Note: the following analysis and its write-up are property of The Madison Group and cannot be copied and/or distributed in anyway without prior permission from The Madison Group. This analysis in no way suggests that any or all plastic failures occur in the manner described. Each plastic failure is unique and should be treated as such.

HDPE

Polyethylene without additives is a grade that can easily degrade when exposed to the environment. UV light generated by the sun can quickly affect the molecular structure of the part as the light penetrates into the material and starts breaking the molecular chains. As the molecular chains break the part weakens to the point where the material can turn into dust. A typical additive used to protect outdoor applications is carbon black. In most applications, carbon black in concentrations of 3% or more are known to protect HDPE from the sun.

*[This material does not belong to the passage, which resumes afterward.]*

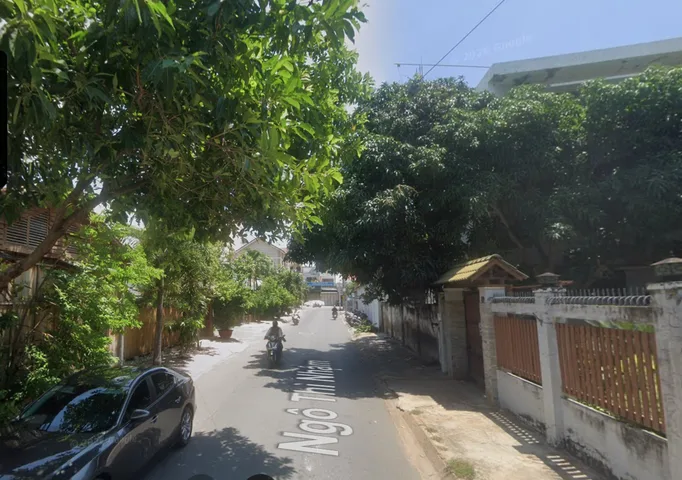 🔥 BÁN NHÀ 2 LẦU – NGÔ THỊ NHẬM – CÁCH BIỂN 500M – KHAI THÁC NGAY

An analytical test that can be used to detect degradation is the FTIR (Fourier Transform Infrared Spectroscopy). FTIR spectroscopy was performed at the surface and core of the HDPE sample. The FTIR shows the typical spectral results expected for polyethylene. However, the spectral shows two additional absorption bands (one between 1750 cm-1 and 1700 cm-1, and another between 1300 cm-1 and 1100 cm-1) that indicate the formation of carbonyls and byproducts associated with oxidation. The FTIR performed at the surface of the part shows stronger absorption bands compared to the FTIR at the core. Therefore, the level of oxidation at the surface is much higher than the oxidation at the core of the part. The large difference between oxidation at the surface and core is typical of degradation caused by ultraviolet light, as opposed to thermal degradation, which tends to degrade a material uniformly through the thickness.

HDPE MFR Test

Further, a melt flow rate (MFR) test was performed to get a qualitative idea of the molecular weight of the part. The melt flow rate for the failed part was higher than 150 grams/10 minutes. The material specified for this application was an HDPE with MFR of 15. This large difference between specified and tested MFR is due to the molecules breaking because of material degradation. As the molecules break, the molecular weight drops dramatically, thus the melt flow rate increases. The MFR test was further evidence of material degradation, confirmed to be consequence of UV light by the FTIR.

Corrective Action

The corrective action recommended for this application was to improve the UV stabilization package.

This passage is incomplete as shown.